You are reading the work-in-progress first edition of Causal Inference in R. This chapter has its foundations written but is still undergoing changes.

As presented in Chapter 7, the causal question we’d like to answer is: is there a relationship between whether there were “Extra Magic Hours” in the morning at Magic Kingdom and the average wait time for an attraction called the “Seven Dwarfs Mine Train” the same day between 9 AM and 10 AM in 2018? Below is a proposed DAG for this question.

Code

library(tidyverse)
library(ggdag)
library(ggokabeito)

coord_dag <- list(
  x = c(Season = 0, close = 0, weather = -1, x = 1, y = 2),
  y = c(Season = -1, close = 1, weather = 0, x = 0, y = 0)
)

labels <- c(
  x = "Extra Magic Morning",
  y = "Average wait",
  Season = "Ticket Season",
  weather = "Historic high temperature",
  close = "Time park closed"
)

dag <- dagify(
  y ~ x + close + Season + weather,
  x ~ weather + close + Season,
  coords = coord_dag,
  labels = labels,
  exposure = "x",
  outcome = "y"
) |>
  tidy_dagitty() |>
  node_status()

dag_plot <- dag |>
  ggplot(
    aes(x, y, xend = xend, yend = yend, color = status)
  ) +
  geom_dag_point() +
  scale_color_okabe_ito(na.value = "grey90") +
  theme_dag() +
  theme(legend.position = "none") +
  coord_cartesian(clip = "off")

dag_plot +
  geom_dag_edges_arc(curvature = c(rep(0, 5), .3, 0)) +
  geom_dag_label_repel(seed = 1630)

Figure 8.1: Proposed DAG for the relationship between Extra Magic Hours in the morning at a particular park and the average wait time between 9 AM and 10 AM. Here we are saying that we believe 1) Extra Magic Hours impacts average wait time and 2) both Extra Magic Hours and average wait time are determined by the time the park closes, historic high temperatures, and ticket season.

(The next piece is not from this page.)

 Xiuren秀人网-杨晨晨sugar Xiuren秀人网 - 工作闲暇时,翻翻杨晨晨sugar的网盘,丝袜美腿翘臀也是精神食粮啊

Now that we’ve done some exploratory analysis of these data, how should we go about answering this question? We know from Chapter 4 that we have three backdoor paths to close. Each path has one variable, resulting in three confounders: the historic high temperature on the day, the time the park closed, and the ticket season: value, regular, or peak.

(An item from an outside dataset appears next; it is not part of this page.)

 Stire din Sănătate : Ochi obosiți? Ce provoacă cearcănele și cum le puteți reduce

We also know that we have several ways we can close these paths. Stratification isn’t a good solution here because of the curse of dimensionality; we had better use a statistical model. But which relationship should we model? Consider Figure 8.2, Figure 8.3, and Figure 8.4.

Code

dag_plot +
  geom_dag_edges_arc(curvature = c(rep(0, 5), .3, 0), edge_color = "grey80") +
  geom_dag_edges_arc(
    data = \(.x) filter(.x, to == "x"),
    curvature = c(0, 0, 0),
    edge_width = 1.1
  )

dag_plot +
  geom_dag_edges_arc(curvature = c(rep(0, 5), .3, 0), edge_color = "grey80") +
  geom_dag_edges_arc(
    data = \(.x) filter(.x, name != "x", to == "y"),
    curvature = c(0, 0, .3),
    edge_width = 1.1
  )

dag_plot +
  geom_dag_edges_link(
    data = \(.x) filter(.x, name == "x", to == "y"),
    edge_color = "grey80"
  ) +
  geom_dag_edges_arc(
    data = \(.x) filter(.x, name != "x"),
    curvature = c(rep(0, 5), .3),
    edge_width = 1.1
  )

Figure 8.2: Shall we close the paths going into the exposure?

Figure 8.3: Or the paths going into the outcome?

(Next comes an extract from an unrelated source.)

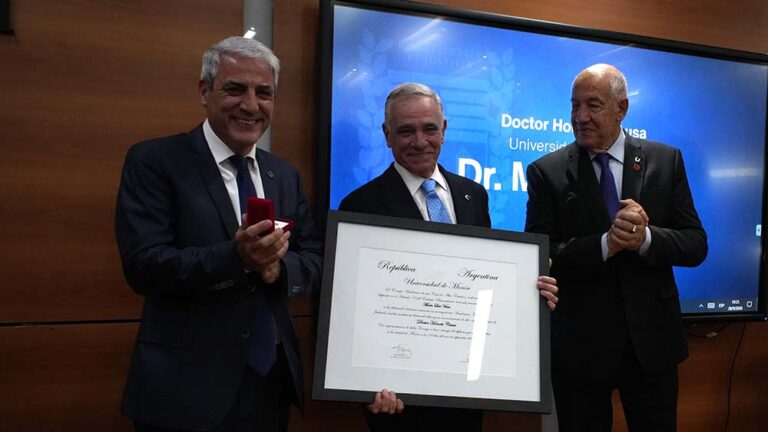 La Universidad de Morón otorgó el título de Doctor Honoris Causa a Mario Luis Vivas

First, we could model the relationship between the confounders and the exposure, as in Figure 8.2. A class of techniques using the propensity score, the probability of exposure, let us do this. Second, we could model the relationship between the confounders and the outcome, as in Figure 8.3. A class of techniques using the outcome model allows us to do this. We saw an outcome model in Chapter 6, and we’ll see another approach in Chapter 13. Both propensity score and outcome model approaches can get us the right answer as long as we’ve got the right DAG and have modeled the relationships correctly. Alternatively, we could model both sets of relationships as in Figure 8.3. A class of techniques called doubly robust estimators allows us to do this, which we’ll revisit in Chapter 20 and Chapter 21.

For the next several chapters, we’ll take up the class of techniques we can use to close the paths via Figure 8.2: propensity scores. First, consider what it would look like if Disney randomized the Extra Magic Mornings assignment. Let’s say each day has a 0.5 probability of being assigned Extra Magic Mornings, so about half the days had them and half didn’t. In this case, the arrows highlighted in Figure 8.2 wouldn’t exist, but the arrows highlighted in Figure 8.3 would: we’ve intervened on the exposure—whether or not a day has Extra Magic Hours—not on the outcome—the posted wait times. The historic high temperature on the day, the time the park closed, and the ticket season still affect the posted wait times, but not Extra Magic Hours. Here, the probability of exposure—the propensity score—is 0.5 for every day. In other words, in an experiment, the propensity score is known. A given day is randomly assigned with rbinom(1, 1, 0.5).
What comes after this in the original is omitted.